Following individuals and communities after emergencies shows recovery is a complex and poorly understood process full of challenges and adjustments. During this time there is risk of losing more than was affected by the event itself...
Some people who, in the first years, are active in rebuilding and involved in recovery found valued activities somehow got lost, including attachment to home, relationships with partners who are now ‘just good friends’, loss of closeness with children and family, deep hurt from the misunderstanding and judgement they received from friends and relatives or other community members. There is often a period of exhaustion after reconstruction that introduces an ‘identity crisis.’ They need to adjust to a changed sense of self, meaning and purpose in life that was never invited, but imposed by the emergency.
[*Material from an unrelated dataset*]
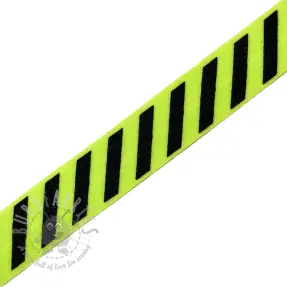 Omvouwelastiek STRIPE 20 mm lime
It can result in the loss of the relationships, social life, activities, hobbies and interests, investment in career and the long-term life goals that are essential to the sense of self.
Many do recover well and gain meaning from the experience. They make creative changes and become clearer about what is important. However, the potential consequences involve life-changing events. The opportunity for creative adaptation (resilience) is key to recovering well. These aspects of recovery depend on quality rather than quantity; the ‘how’ rather than ‘what’ is done. The demand for government to spend more money and provide more services does not guarantee better recovery. It requires greater understanding of recovery, where early priorities are based on long-term realities and how community expectations can be enlisted. It requires knowledge, strategies and methods supported by policies and evidence.